If you use a guard dog to guard your business premises, you can deduct the cost as a business expense. However, you can't claim that your family pet is a guard dog. It should be a certified guard dog, and be a member of a traditional guard dog breed such as a Rottweiler, German Shepherd, or Doberman Pinscher.
If you used a certified guard dog for your business, you can take a current deduction for the cost of dog food, vet bills, training, and other expenses of keeping the dog. However, the cost of the dog itself must be depreciated over seven years or deducted in one year using IRS Code Section 179.
A person in the business of breeding and selling dogs may deduct all his or her business-related expenses, just like any other business. This would include things like dog food and veterinary care, as well as rent, advertising, and other business expenses. The breeding activity must be a legitimate business, not a hobby.

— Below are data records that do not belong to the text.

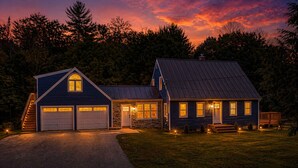 Une maison à deux étages avec un garage, un porche à l’avant et une allée bien éclairée.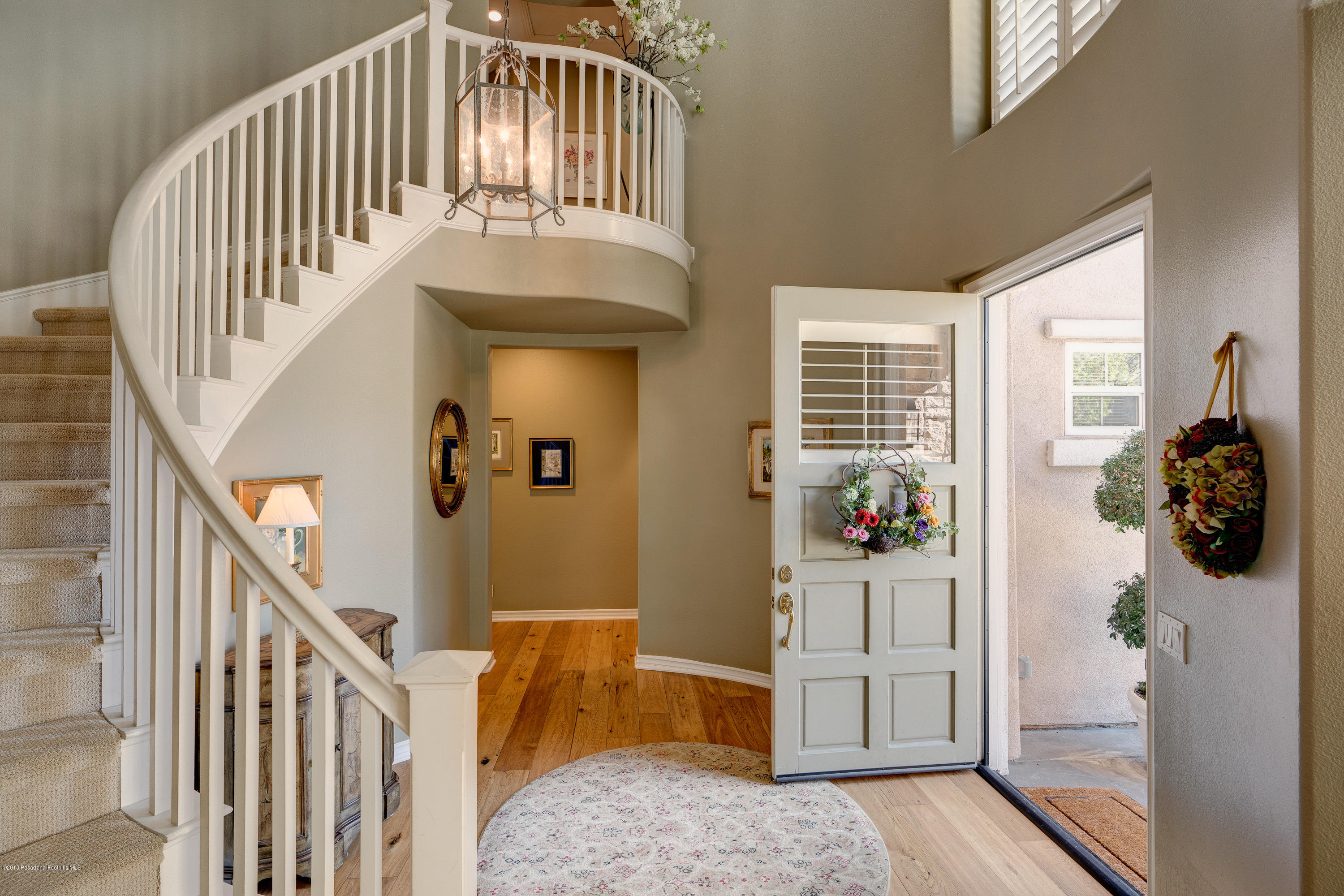 3520 Giddings Ranch Road Altadena, CA 91001 - Photo 4 of 41 a view of staircase with white walls and windows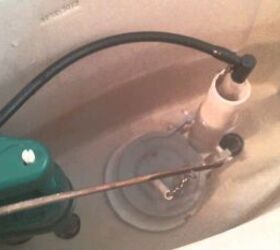 how to remove plastic nut from toilet tank do this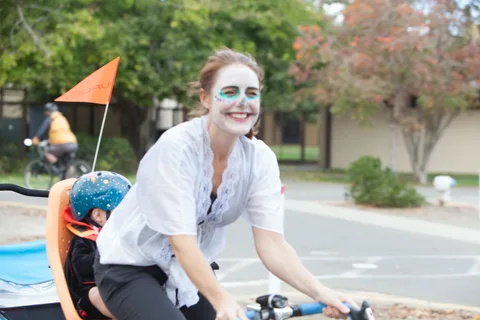 A woman in white skeleton face paint smiles while riding with a small orange flag on her bike.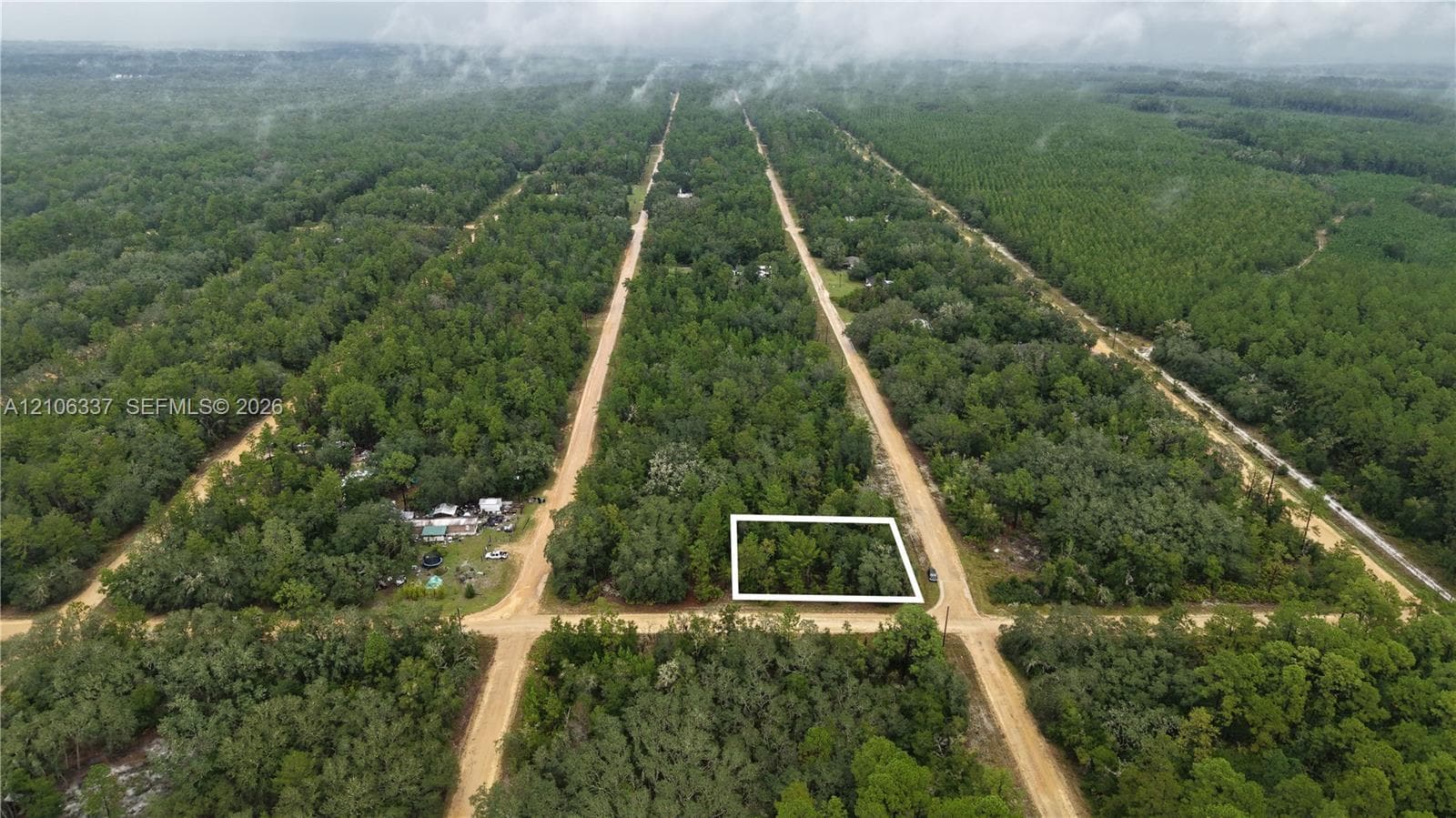 Aerial view of a vacant lot featuring dense tree cover and corner placement with dirt road frontage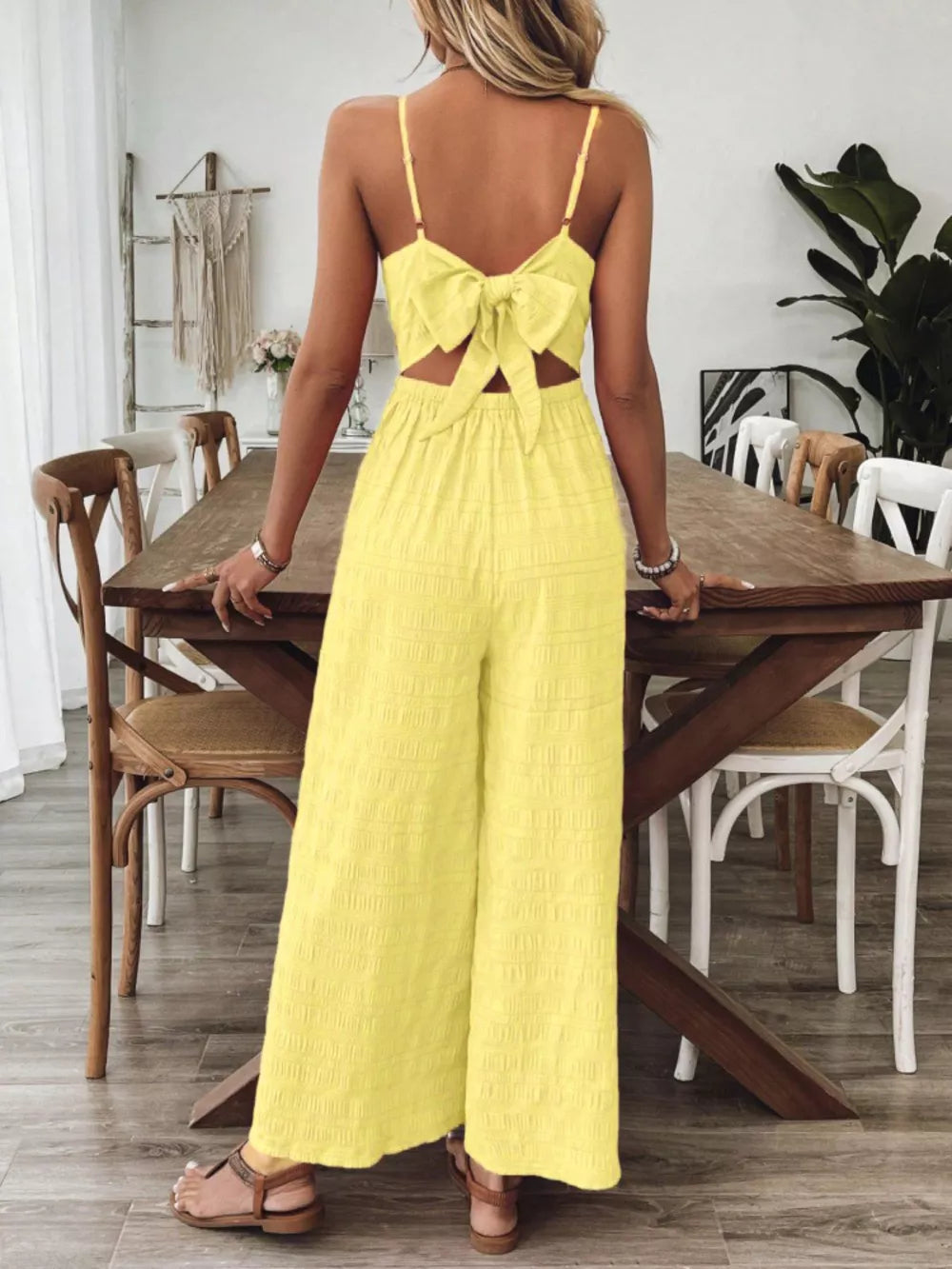 Yellow maternity romper with back bow detail and wide legs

A farmer or shepherd who uses a dog to herd or guard cattle, sheep, pigs, or other farm animals can deduct the cost of keeping the dog as a business expense. The cost of the dog itself must be depreciated over seven years or deducted in one year using IRS Code Section 179.
If you donate money or property to a tax-exempt dog shelter or other tax-exempt charity that helps dogs, you may deduct the amount as a charitable deduction if you itemize your deductions. If you donate property, you can deduct the fair market value of the item--for example, if you donate dog food, you can deduct the price of the food.
However, you may not deduct:
You can deduct unreimbursed expenses you pay out of your own pocket while volunteering for a dog shelter or other dog-related nonprofit. For example, if you use your car to help deliver supplies for a shelter, you can claim unreimbursed parking fees, tolls, and gas, or deduct a flat rate for each mile you drive. If you foster dogs in your home, you may deduct reasonable expenses you pay yourself, such as dog food expenses and veterinary bills.